I wonder why AMD wants to make the big little architecture a thing. They have a noticeable advantage in efficiency.

From the graphs it looks like the big and small core are separated and connected via fabric. So different chiplets? I suppose so.

Crackong · Jun 14, 2021

ratirt said:
I wonder why AMD wants to make the big little architecture a thing. They have a noticeable advantage in efficiency.

From the graphs it looks like the big and small core are separated and connected via fabric. So different chiplets? I suppose so.

Pic No.1 shows this is an APU design.
They might wanna implement Big.Little architecture to mobile APUs to further enhance power saving capabilities.

LTUGamer · Jun 14, 2021

If they will use it, I hope that will be only laptop processors. Desktop users doesn't need that.

However there is probability that they just need to make patent just to enable using it in future IF some-when it will be needed.

theGryphon · Jun 14, 2021

ratirt said:
I wonder why AMD wants to make the big little architecture a thing. They have a noticeable advantage in efficiency.

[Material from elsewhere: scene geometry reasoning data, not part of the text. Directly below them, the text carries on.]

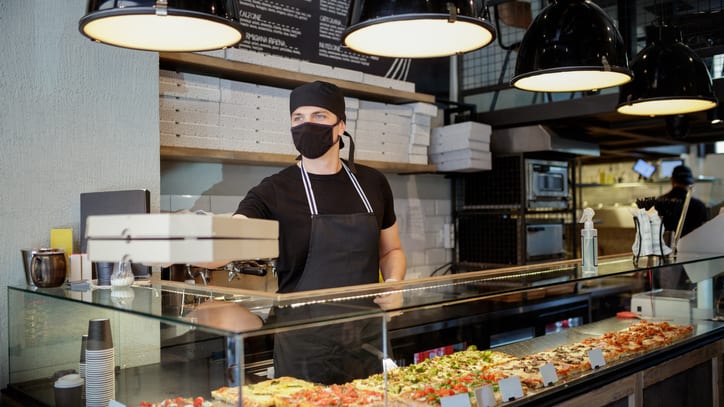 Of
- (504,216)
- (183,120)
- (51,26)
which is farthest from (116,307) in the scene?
(504,216)

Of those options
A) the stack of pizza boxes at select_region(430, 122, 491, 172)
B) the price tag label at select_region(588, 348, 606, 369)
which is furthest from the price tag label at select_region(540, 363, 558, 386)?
the stack of pizza boxes at select_region(430, 122, 491, 172)

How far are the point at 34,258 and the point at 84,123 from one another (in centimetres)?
67

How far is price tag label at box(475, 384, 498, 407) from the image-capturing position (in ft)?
5.69

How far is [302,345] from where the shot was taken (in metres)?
1.61

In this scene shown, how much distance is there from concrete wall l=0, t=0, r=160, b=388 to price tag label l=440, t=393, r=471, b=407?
1.74 metres

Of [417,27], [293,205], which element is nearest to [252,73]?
[293,205]

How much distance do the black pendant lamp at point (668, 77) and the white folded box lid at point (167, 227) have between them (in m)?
2.51

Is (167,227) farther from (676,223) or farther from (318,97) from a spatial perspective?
(676,223)

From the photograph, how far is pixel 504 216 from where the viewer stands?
5.07 meters

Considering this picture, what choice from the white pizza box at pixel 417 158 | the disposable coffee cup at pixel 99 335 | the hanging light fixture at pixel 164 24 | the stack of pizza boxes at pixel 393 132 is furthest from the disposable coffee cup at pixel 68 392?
the white pizza box at pixel 417 158

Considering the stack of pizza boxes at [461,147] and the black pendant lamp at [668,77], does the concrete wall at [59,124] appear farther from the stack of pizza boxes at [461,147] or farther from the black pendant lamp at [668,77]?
the stack of pizza boxes at [461,147]

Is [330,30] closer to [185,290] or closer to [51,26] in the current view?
[51,26]

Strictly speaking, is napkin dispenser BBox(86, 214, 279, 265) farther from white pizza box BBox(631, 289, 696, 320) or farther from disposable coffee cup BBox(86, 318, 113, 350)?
white pizza box BBox(631, 289, 696, 320)

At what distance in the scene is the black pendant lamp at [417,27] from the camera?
6.02 feet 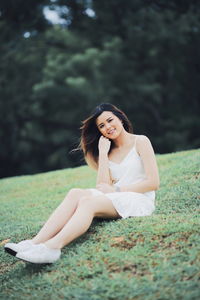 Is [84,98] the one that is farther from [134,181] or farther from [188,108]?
[134,181]

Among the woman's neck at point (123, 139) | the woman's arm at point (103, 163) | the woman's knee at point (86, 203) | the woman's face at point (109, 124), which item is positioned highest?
the woman's face at point (109, 124)

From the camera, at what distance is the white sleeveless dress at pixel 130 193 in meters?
3.68

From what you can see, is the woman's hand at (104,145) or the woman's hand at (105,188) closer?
the woman's hand at (105,188)

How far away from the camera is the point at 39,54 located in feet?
60.4

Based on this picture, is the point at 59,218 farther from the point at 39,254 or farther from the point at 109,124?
the point at 109,124

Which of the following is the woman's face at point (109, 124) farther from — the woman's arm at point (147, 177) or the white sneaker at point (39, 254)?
the white sneaker at point (39, 254)

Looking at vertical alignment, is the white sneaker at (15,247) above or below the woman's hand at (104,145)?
below

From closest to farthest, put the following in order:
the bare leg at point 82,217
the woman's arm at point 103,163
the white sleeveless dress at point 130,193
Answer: the bare leg at point 82,217
the white sleeveless dress at point 130,193
the woman's arm at point 103,163

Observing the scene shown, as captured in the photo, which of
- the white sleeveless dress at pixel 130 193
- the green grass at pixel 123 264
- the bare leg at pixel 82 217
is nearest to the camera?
the green grass at pixel 123 264

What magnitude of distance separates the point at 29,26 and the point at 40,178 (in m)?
12.8

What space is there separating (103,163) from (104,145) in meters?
0.20

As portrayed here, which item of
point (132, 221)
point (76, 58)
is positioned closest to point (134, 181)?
point (132, 221)

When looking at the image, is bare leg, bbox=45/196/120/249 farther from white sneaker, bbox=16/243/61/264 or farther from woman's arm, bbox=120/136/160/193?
woman's arm, bbox=120/136/160/193

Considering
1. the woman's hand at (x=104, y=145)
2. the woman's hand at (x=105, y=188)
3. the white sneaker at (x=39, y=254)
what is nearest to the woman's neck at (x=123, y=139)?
the woman's hand at (x=104, y=145) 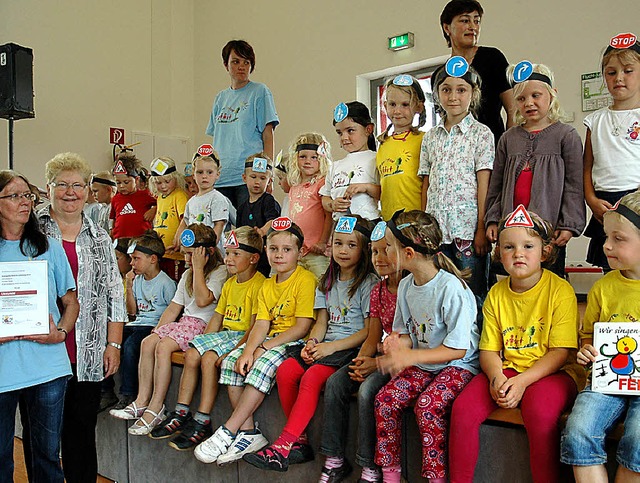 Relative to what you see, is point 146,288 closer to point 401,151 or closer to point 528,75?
point 401,151

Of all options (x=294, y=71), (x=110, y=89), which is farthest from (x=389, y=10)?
(x=110, y=89)

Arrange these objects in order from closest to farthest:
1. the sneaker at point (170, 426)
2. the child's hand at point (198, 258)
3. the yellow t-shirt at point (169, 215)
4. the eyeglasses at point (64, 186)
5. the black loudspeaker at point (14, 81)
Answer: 1. the eyeglasses at point (64, 186)
2. the sneaker at point (170, 426)
3. the child's hand at point (198, 258)
4. the yellow t-shirt at point (169, 215)
5. the black loudspeaker at point (14, 81)

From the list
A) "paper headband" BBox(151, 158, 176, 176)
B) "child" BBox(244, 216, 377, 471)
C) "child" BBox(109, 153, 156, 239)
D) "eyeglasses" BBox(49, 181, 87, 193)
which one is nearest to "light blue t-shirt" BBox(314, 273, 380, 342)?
"child" BBox(244, 216, 377, 471)

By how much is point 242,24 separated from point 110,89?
1.77 meters

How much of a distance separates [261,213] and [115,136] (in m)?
4.39

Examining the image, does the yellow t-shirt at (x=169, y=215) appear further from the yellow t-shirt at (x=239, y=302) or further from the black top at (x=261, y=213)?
the yellow t-shirt at (x=239, y=302)

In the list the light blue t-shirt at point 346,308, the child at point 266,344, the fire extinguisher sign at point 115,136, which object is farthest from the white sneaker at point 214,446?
the fire extinguisher sign at point 115,136

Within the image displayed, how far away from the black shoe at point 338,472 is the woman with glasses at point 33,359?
38.1 inches

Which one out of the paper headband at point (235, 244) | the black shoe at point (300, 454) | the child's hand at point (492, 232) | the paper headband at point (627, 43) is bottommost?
the black shoe at point (300, 454)

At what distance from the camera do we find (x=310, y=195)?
339 centimetres

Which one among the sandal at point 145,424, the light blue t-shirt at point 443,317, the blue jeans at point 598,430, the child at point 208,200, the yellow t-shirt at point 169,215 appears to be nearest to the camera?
the blue jeans at point 598,430

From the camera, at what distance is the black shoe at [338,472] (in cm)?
234

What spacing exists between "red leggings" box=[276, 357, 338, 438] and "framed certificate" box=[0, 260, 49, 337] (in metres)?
0.95

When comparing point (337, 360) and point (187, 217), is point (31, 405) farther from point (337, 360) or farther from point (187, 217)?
point (187, 217)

From the graphs it looks like the big and small core are separated and connected via fabric. So different chiplets? I suppose so.

Mobile and nextgen consoles can use this. Despite certain advantages, AMD still hasn't picked up in mobile. They cannot fall behind the curve while Intel starts marketing their bigLITTLE implementation as the best thing since sliced bread. AMD cannot gain marketshare by being just a bit better than Intel, thanks to fan boys and subsidy-drunk OEM marketplace.

R0H1T · Jun 14, 2021

theGryphon said:
Mobile and nextgen consoles can use this. Despite certain advantages, AMD still hasn't picked up in mobile. They cannot fall behind the curve while Intel starts marketing their bigLITTLE implementation as the best thing since sliced bread. AMD cannot gain marketshare by being just a bit better than Intel, thanks to fan boys and subsidy-drunk OEM marketplace.

By mobile you mean laptops or ULP kinda like tablets? Because AMD certainly have picked up in laptop segment, it's just the wafer crunch which is severely hampering their market share uptick! As for Intel yeah much like ARM, AMD probably also wants to list more cores, even if they're small ones, as a marketing point.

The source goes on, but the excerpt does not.